Mi mamá, embarazada, se fue en avión. El resto del grupo, seis niños y seis adultos, salimos de madrugada para La Dorada y antes de la 1:00 p.m. abordamos El Expreso del Sol, un nombre fastuoso para un tren con cojinería vieja, bancas de madera y pintura azulita y amarilla carcomida por el óxido. Mi papá se inquietó con el anuncio de una operación tortuga que justo ese día empezaban los trabajadores de Ferrocarriles Nacionales, pero como el tren salió puntual, el viaje comenzó feliz.
Yo ya había montado en tren en la ruta Cali-Cartago y la sola idea me emocionaba: viajar sin las curvas de la carretera, ni las bolsas para el mareo, ni la música del conductor, con vendedores de dulces que iban de vagón en vagón, recorriendo un pasillo más amplio que el de un bus, hasta que llegáramos al mar.
Aprovechando el espacio de varias sillas vacías empezamos a jugar escondite. Un dos tres por Ángela María que está debajo de la banca de adelante, por Gustavo Adolfo que está al lado de la maleta del señor, del costal de la señora… El tren iba despacio así que no había peligro, y era mejor un coro de muchachitos jugando, en vez de niños peleando y poniendo quejas.
A diferencia de las carreteras en las que todo el tiempo se ven tiendas, caseríos, gente, peajes, un viaje en tren es solitario. A la orilla de la carrilera hay una sucesión monótona de potreros y vacas, interrumpida por estaciones. Paramos en la de Puerto Berrío, a donde la operación tortuga nos llevó más tarde de lo previsto. Al raaaaato continuamos. Mi papá siempre ha tenido buena voz y en algún momento empezó a cantar con los grandes del paseo. Entonces, llegó un papelito de un pasajero pidiendo una canción. Lo complacieron, como en las emisoras, y a partir de ese momento se armó un tráfico de solicitudes musicales de todo tipo.
Después, junto con un papelito, llegó una botella de aguardiente.
Advierto lo obvio: el tren no tenía aire acondicionado. Viajábamos con las ventanas abiertas por las que entraba aire caliente y así cayó la noche. Entre el sofoco y la penumbra llegamos a Barranca y tan pronto el tren se detuvo ocurrió lo que ya conté: montones de personas empezaron a meterse por las ventanas. Los niños tuvimos que quedarnos en los puestos mientras los adultos defendían sillas y maletas. Después de un largo rato arrancamos a paso lento, fatigado, tortuga.
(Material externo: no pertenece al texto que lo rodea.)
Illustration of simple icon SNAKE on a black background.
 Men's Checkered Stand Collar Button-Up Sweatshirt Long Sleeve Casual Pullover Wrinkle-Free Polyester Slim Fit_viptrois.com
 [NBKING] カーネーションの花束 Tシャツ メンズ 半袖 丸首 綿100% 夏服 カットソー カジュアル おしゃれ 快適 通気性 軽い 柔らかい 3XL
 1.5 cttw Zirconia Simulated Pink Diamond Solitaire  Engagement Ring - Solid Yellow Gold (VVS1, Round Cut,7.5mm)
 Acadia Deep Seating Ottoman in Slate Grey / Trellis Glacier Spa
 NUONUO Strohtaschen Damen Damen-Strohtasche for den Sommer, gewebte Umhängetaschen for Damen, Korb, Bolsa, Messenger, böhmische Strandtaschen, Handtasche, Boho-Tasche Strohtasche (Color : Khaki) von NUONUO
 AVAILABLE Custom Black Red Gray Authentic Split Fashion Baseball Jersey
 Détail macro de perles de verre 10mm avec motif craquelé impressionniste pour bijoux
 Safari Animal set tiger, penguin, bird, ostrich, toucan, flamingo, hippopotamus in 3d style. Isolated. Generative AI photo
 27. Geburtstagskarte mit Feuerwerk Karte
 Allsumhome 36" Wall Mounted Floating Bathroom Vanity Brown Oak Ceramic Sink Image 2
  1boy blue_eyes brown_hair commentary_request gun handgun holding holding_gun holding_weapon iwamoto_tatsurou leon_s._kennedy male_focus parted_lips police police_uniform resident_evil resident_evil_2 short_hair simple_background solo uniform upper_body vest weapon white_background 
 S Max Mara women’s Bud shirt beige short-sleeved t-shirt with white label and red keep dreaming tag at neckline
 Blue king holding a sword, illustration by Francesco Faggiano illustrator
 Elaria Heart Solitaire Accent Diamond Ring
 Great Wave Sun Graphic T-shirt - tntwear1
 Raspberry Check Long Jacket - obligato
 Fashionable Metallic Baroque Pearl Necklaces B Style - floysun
La abuelita sacó fiambre y luego cada niño buscó almohada en las piernas de alguien. No recuerdo si nos pusimos pijama pero podría haber ocurrido. Íbamos como en una casa en movimiento.
Hacia la 1:00 a.m. paramos en un sitio oscuro, en medio de la nada, por allá entre Macondo y Comala. Preguntamos si nos habíamos varado, con la emoción de ver cambiar la llanta de un tren, pero no: en kilómetros a la redonda lo único que se movía con vértigo era la operación tortuga.
A las 4:00 a.m. cantó el gallo que llevaba un pasajero.
El amanecer, que nos debía despertar entrando a Santa Marta, nos cogió por Chiriguaná. Faltaba más de una década para que llegaran los celulares, así que no había cómo alertar del retraso a mi mamá. Llegamos a Santa Marta, 6 horas después de lo planeado, con la ropa y la piel negras por el hollín de la locomotora.
Ese día mis papás decidieron que el regreso sería en bus.
Dice Charly García “no voy en tren, voy en avión”. Acá las posibilidades de viajar por La Nubia son tan inciertas, que es mejor tener rodando la opción del tren. Me alegra que haya vuelto a La Dorada y el compromiso del gobernador con el tema. Aunque por ahora se planea solo para carga, quién sabe: quizás algún día pueda repetir el viaje feliz que hice siendo niña.